At the first session open to the public, the two kids played tug-o-war over the stick for more than five minutes, getting increasingly aggressive until security separated them.
That wasn’t the only tussle, but players issued other sticks in a more peaceably manner. Kevin Shattenkirk grabbed a couple of pucks to toss into the crowd and held onto his sticks. Ryan McDonagh found a girl off to the side some and gave his stick to her.
Swedish hockey fans, clearly amped, don’t get many chances to see NHL players. The Lightning and Sabres have been in Stockholm for the whole week, but Thursday represented fans’ first opportunity to see them skate.
The other opportunities occur Friday and Saturday, when the reasons they’ve spent talking and touring Sweden all week give way to something more important: the games.
Steven Stamkos, interviewed on the video board during the mini-skills competition between the Lightning and Sabres’ practices, commented they’ve done everything but play.
“I’d be lying if I said this is just another regular-season game,” defenseman Victor Hedman said. “But at the end of the day, it’s too big games. I can’t wait for (Friday) to really start focusing on the game.”
These two games count. All games count in the standings, but the match against the Sabres pits two division rivals against each other. It’s not a two-off against a Western Conference team they won’t see again this season.

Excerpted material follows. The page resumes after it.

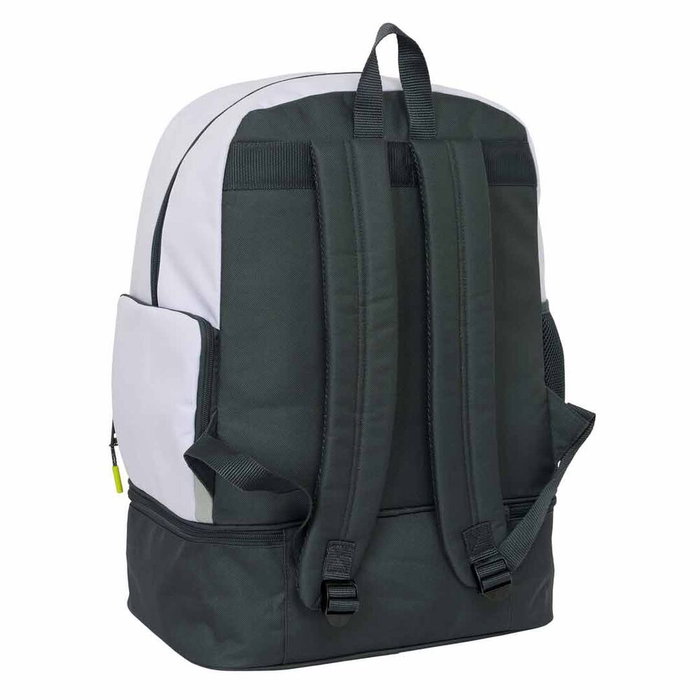 SAFTA Mochila Real Madrid 25/26 50cm, Compartimento Semirrígido, Bolsillo Portabotellas, Hombreras Ergonómicas, Asa de Mano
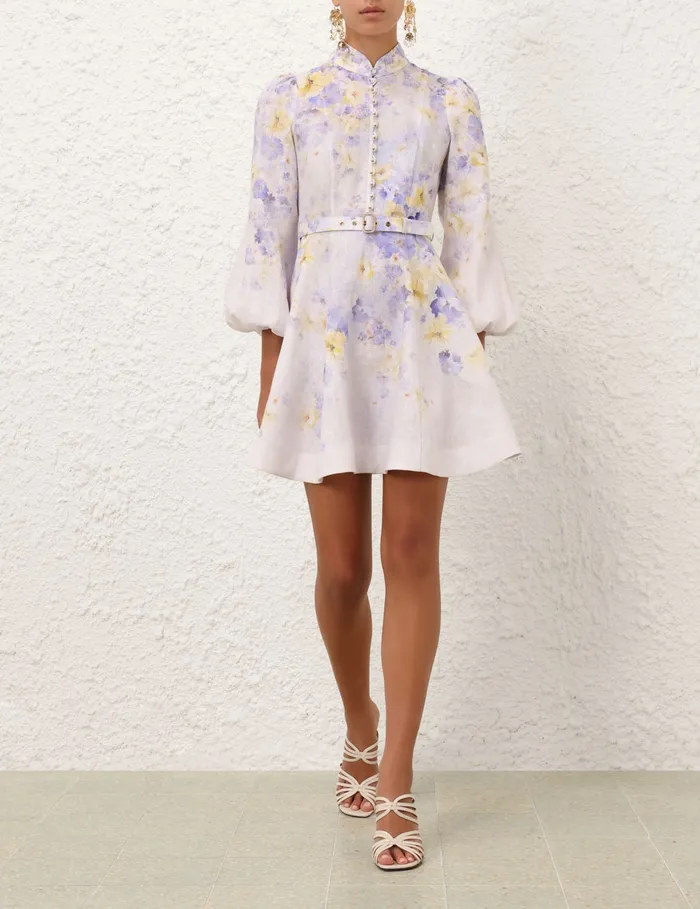 Women Zimmermann Clothing Crush Buttoned Mini Dress Lilac Floral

The Lightning haven’t started the season the way they wanted to, but the Sabres feel good about their play. Right now, Buffalo sits at second in the Atlantic Division with 20 points. The Lightning are sixth with 14.
Coach Jon Cooper isn’t going to get too caught up in the standings. The Lighnting are tied for fewest games played in the league at 13. The Calgary Flames have played 18, which means they’ve had an opportunity for 36 points vs the Lighnting’s 26. Buffalo has played 15 games.
“While you have these games, you do have to get points out of them,” Cooper said. “I’m not going to sit here and say we have to win both of these games. I want us to play well.”
He’s looking for consistency more than he’s demanding two wins. But the coach also figures if they consistently play well, they have a good chance at the points.
Consistent has been the buzzword, thus far. The Lightning has been up and down and all around through their first 13 games.
They’ve swiveled between allowing too many chances and not allowing many. They’ve scored seven goals twice and only one or two in five other games. Penalties have been an issue as well.
Buffalo brings the third best power play in the league into these games, against the Lighnting’s fifth-worst kill. Victor Olofsson has six power-play goals on the season. The Sabres have four players (Olofsson, Jack Eichel, Jeff Skinner and Rasmus Dahlin) with more than 10 power-play shots. Nikita Kucherov is the Lightning’s only player above that mark.
Eichel leads the Sabres with 17 points. Five players have more than 10 points on the season. Steven Stamkos leads the Lightning with 13 points and three others have reached double digits.
The biggest question going into this game has been Hedman’s status. The defenseman was hurt in in the Oct. 29 game against the Rangers and hasn’t played since. He practiced Tuesday and Thursday.
“I’m up for it,” Hedman said about playing Friday. “I felt good again today. The final decision is tomorrow. We’ll see how it goes, but I’m hopeful.”
That’s not a hard yes, but it certainly sounds likely that Hedman plays before a crowd longing to see their native on the ice.